極相の森

南富良野町には各地区ごとに水源の森があります。

水資源と森林の関係性、いわゆる森林のもつ水源涵養機能は古くから認識されていたようで、南富良野町の水源の森は過度の伐採などから守られ、整備されてきたようです。

水源の森に立ち入ると、ミズナラ、イタヤカエデ、シナノキ、ダケカンバ、エゾマツ、トドマツなど、針広混交林を構構成する樹種が迎えてくれます。それぞれの樹種は人為が加わらない環境で樹種間、同種間、コーホート間などで競争を行い地域固有の林相を形作ると考えられています。そのような環境では、樹木は寿命を迎えたり、雪害、風害、カミキリムシの穿孔による虫害、エゾシカの樹皮剥離による獣害などのインパクトにより、その身を大地に預けていきます。寿命を全うした樹木が倒れたとき、森林を上から見るとその部分だけに穴(ギャップ)ができます。ギャップができると、森林内の光環境が改善され、時代を担う構成員たちが堰を切ったようにそのギャップを埋める競争を開始します。

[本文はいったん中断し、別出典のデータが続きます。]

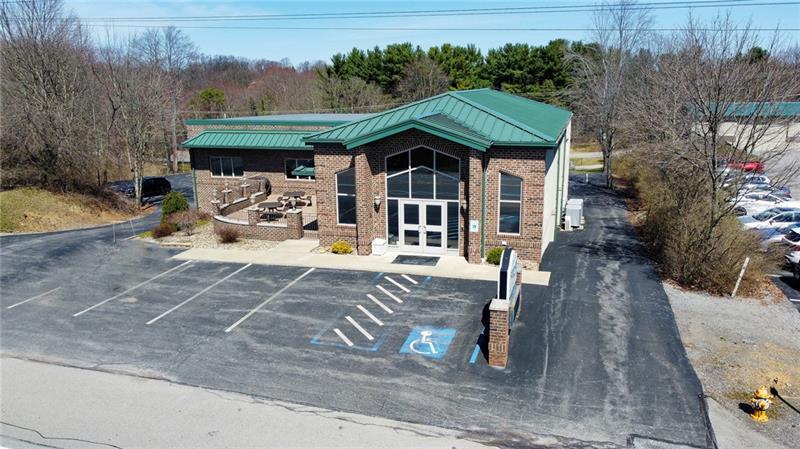 1737 N Main Ext St, Butler, PA à vendre - Photo du bâtiment - Image 1 de 32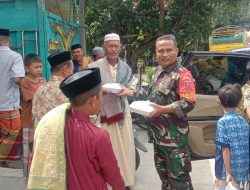 Berkah Di Hari Jumat, Babinsa Koramil 1425-01 Binamu Berbagi Rezeki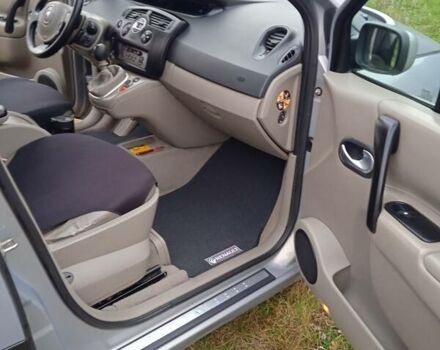 Серый Рено Сценик, объемом двигателя 1.9 л и пробегом 240 тыс. км за 5000 $, фото 19 на Automoto.ua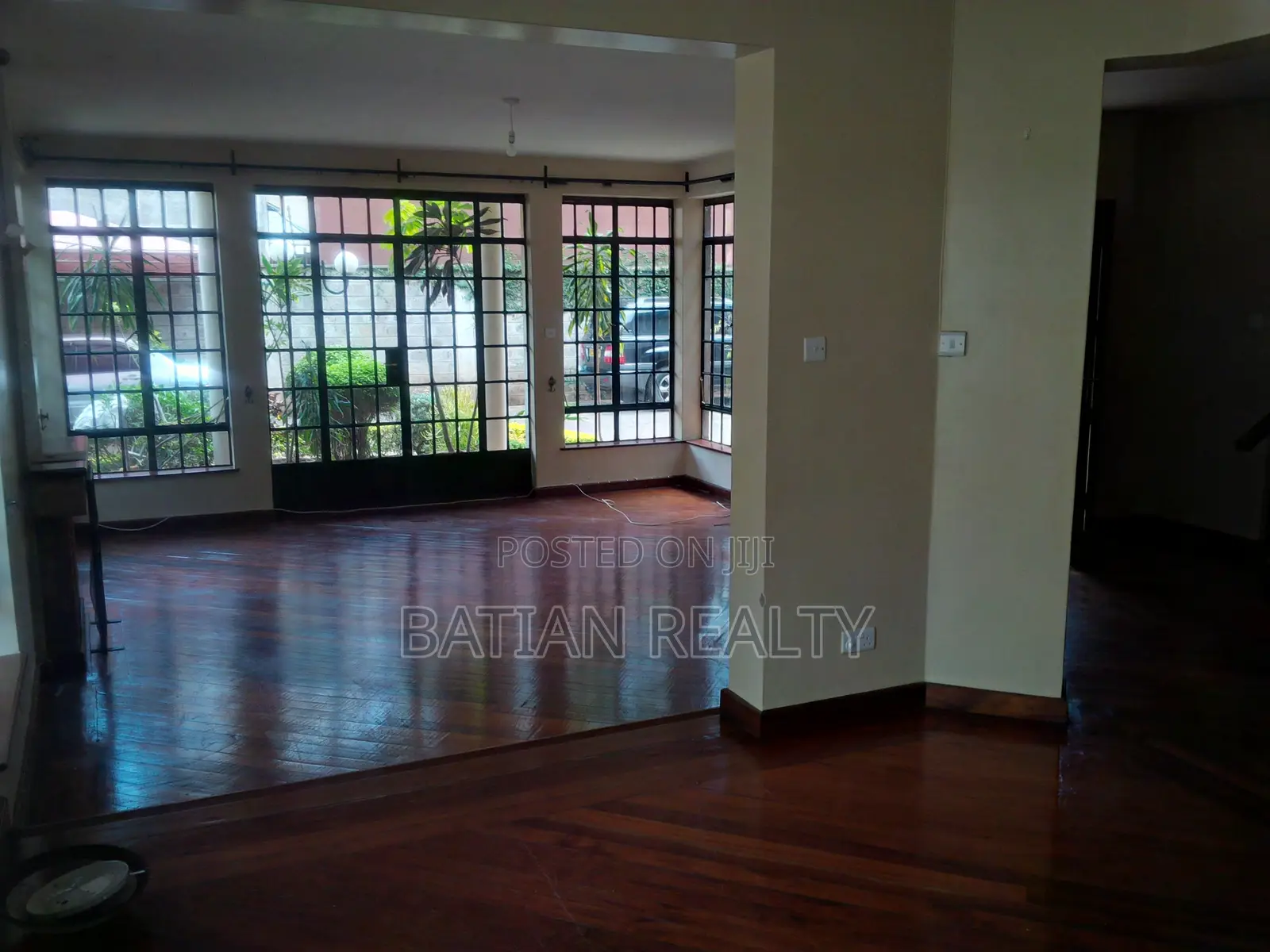 4bdrm Townhouse/Terrace in Valley Arcade for sale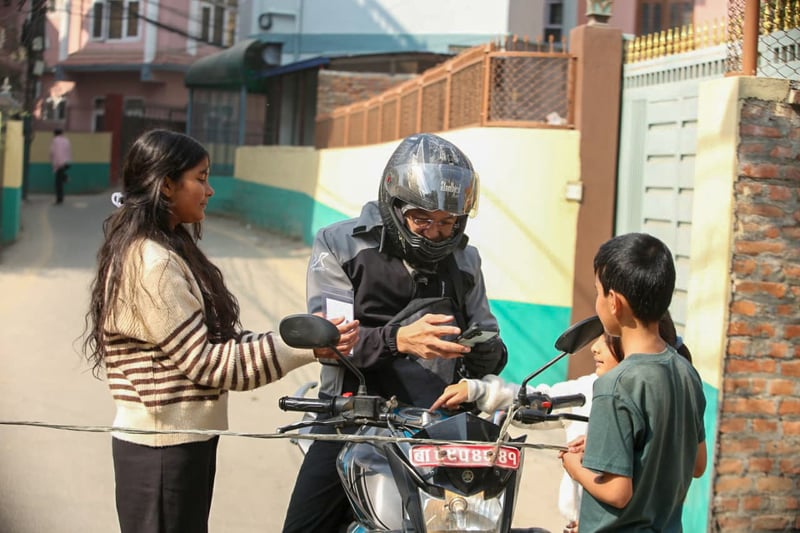 डोरीले बाटो छेकेर दान संकलन गर्दै बालबालिका [तस्बिरहरू]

このように、大規模なかく乱がない天然林ではギャップ状に森林の更新が進み地域固有の林相を維持していくのでしょう。その結果として、われわれの水源が維持されています。この水源の森を畏敬の念を込めて「極相の森」と呼び習わしています。「極相の森」が世代を超えて守られていくようにこれからも見守っていきたいと思います。